*** Data to process

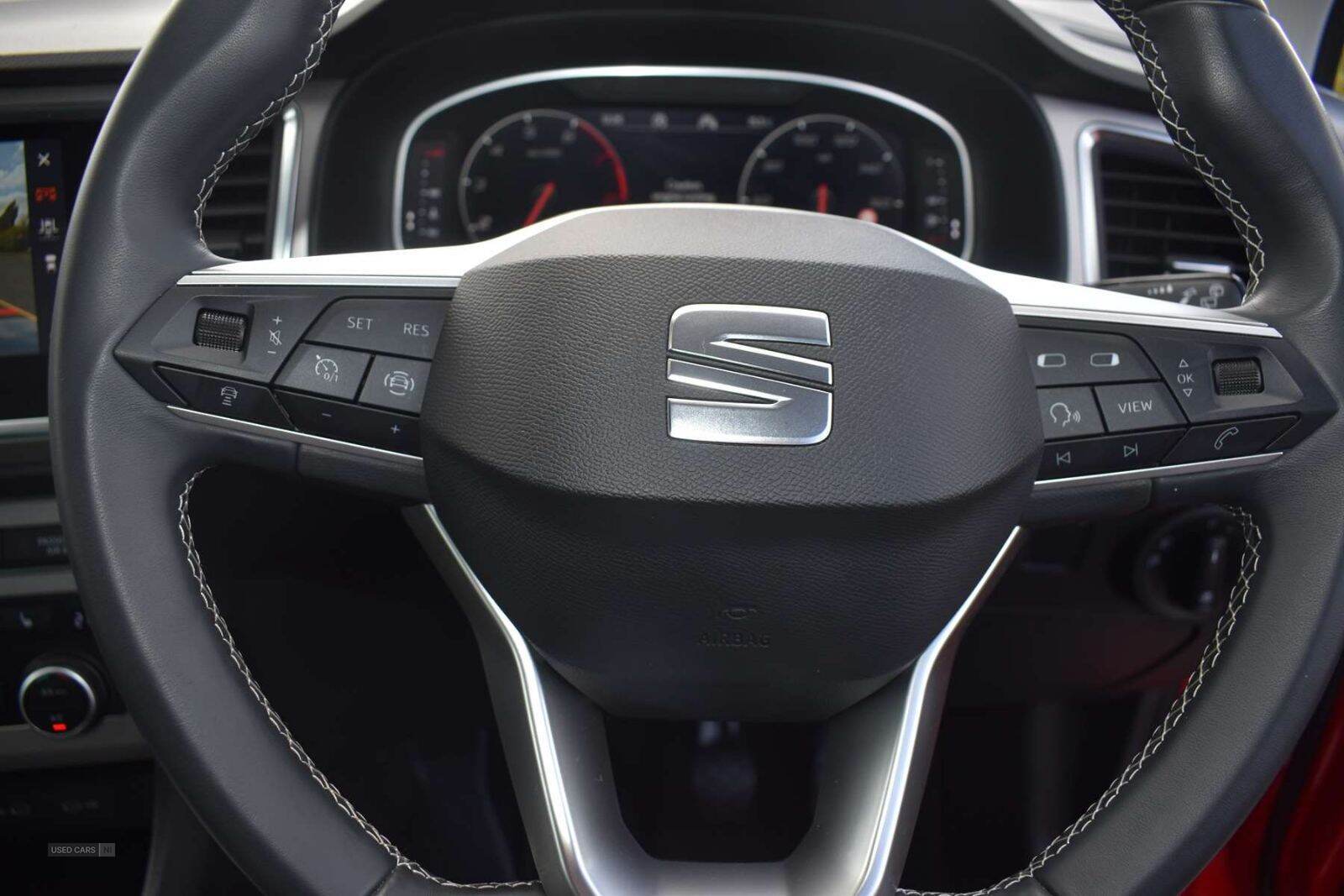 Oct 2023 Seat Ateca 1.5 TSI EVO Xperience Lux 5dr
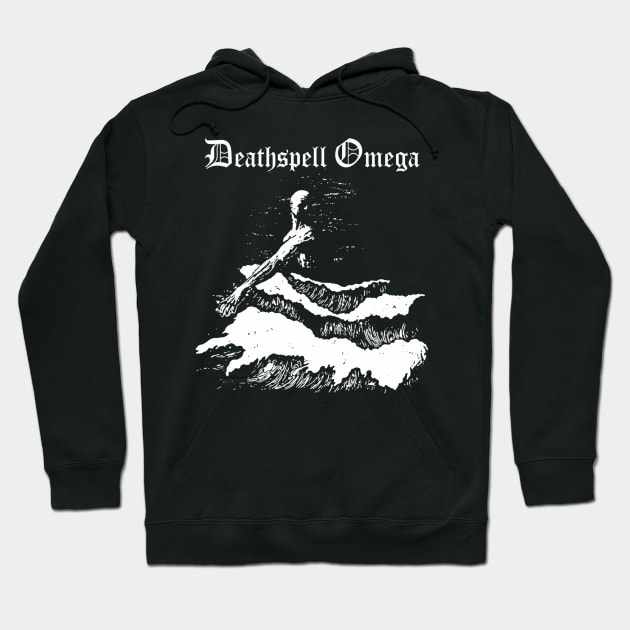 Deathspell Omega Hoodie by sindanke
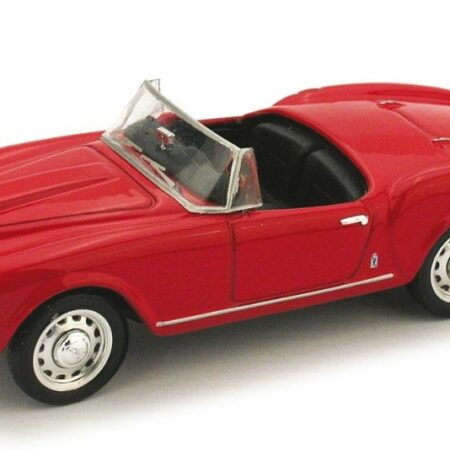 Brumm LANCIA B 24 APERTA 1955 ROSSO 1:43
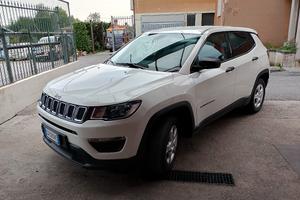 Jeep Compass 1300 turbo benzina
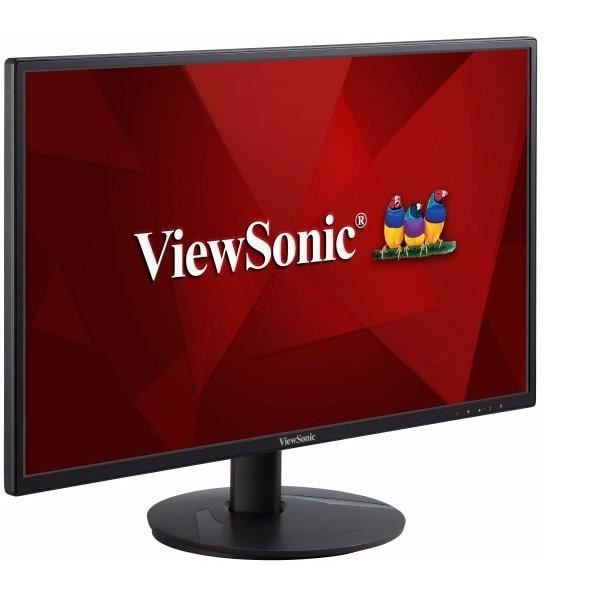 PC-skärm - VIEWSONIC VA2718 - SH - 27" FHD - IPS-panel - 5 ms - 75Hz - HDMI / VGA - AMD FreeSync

******
*** Data to process

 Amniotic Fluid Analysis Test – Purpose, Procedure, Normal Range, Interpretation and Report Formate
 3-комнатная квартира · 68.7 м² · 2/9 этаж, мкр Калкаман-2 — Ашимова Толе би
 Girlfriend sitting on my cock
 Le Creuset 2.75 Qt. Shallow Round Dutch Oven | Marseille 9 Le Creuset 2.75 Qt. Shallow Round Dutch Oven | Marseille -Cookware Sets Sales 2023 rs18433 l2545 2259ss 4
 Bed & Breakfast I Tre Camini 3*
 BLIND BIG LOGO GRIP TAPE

******

» Task goal
Would you restate, exactly and with no pictures, the lines of the entries above from the one containing "Deathspell Omega Hoodie by sindanke" through the one containing "PC-skärm - VIEWSONIC"?

» Answer for the task
 Deathspell Omega Hoodie by sindanke
 Brumm LANCIA B 24 APERTA 1955 ROSSO 1:43
 Jeep Compass 1300 turbo benzina
 PC-skärm - VIEWSONIC VA2718 - SH - 27" FHD - IPS-panel - 5 ms - 75Hz - HDMI / VGA - AMD FreeSync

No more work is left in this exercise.